My coworker “protects” information, because she’s afraid I can do her job better than she can. It makes it difficult to cover her in her absences, which I’m expected to do. How can I deal with this without being a “tattletale” to our boss?
Apply the four cardinal virtues. You might remember them from the catechism (1805-09). They’re essential for human excellence and, from top to bottom, also give us a roadmap for problem solving.
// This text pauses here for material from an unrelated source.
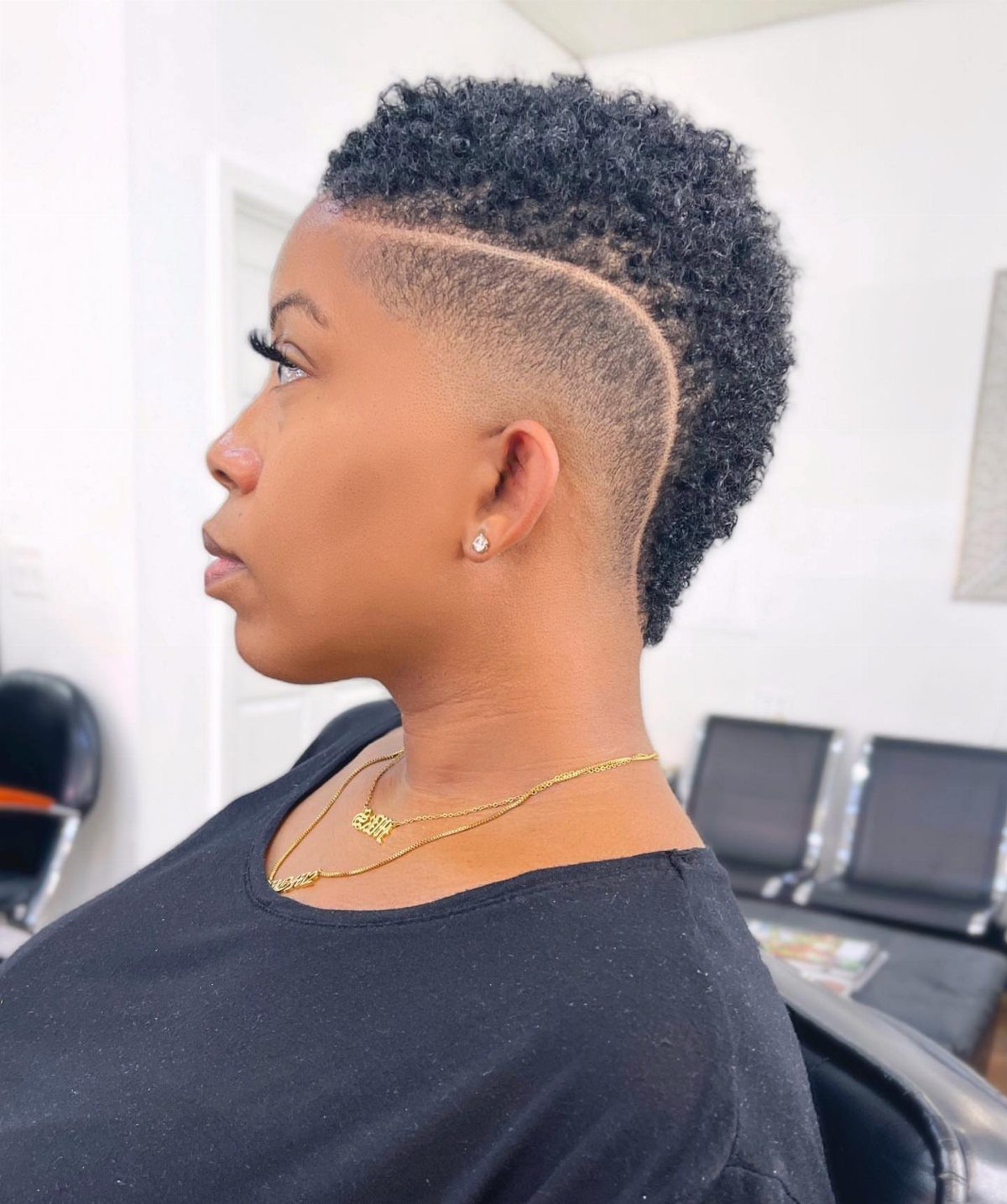 Profile of a person with curly cropped hair, shaved design line, and faded sides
Prudence. This is the perfected ability of right decision making. It’s the charioteer of the other three virtues, and it’s all about being rational – getting the best result through the best means. Get clear on your goal. Your bottom line result is good coverage during your coworker’s absences. To get there you’ll need:
Justice. You need to be fair to both your employer and your coworker. Since your primary obligation is to your boss, you must insist on having the necessary knowledge from your colleague. To achieve that, muster your:
Courage. Take the bull by the horns, but don’t take any bull. Make it clear to her that you must be fully informed to fill in for her. Ask her if she’s going to disclose information. If she agrees and performs – problem solved. If she won’t, tell her you’ll be informing your boss of the problem. Then, if necessary, do it. And throughout the whole process, put on:
Self-control (temperance). You’re cool as a cucumber. You don’t let anger or pride provoke vengeance or agitation. Direct your emotions to the right end in the right way. If you keep these four virtues in mind and practice, you can apply them for any life event or problem. Play the right “cards” and you’ll never lose a hand.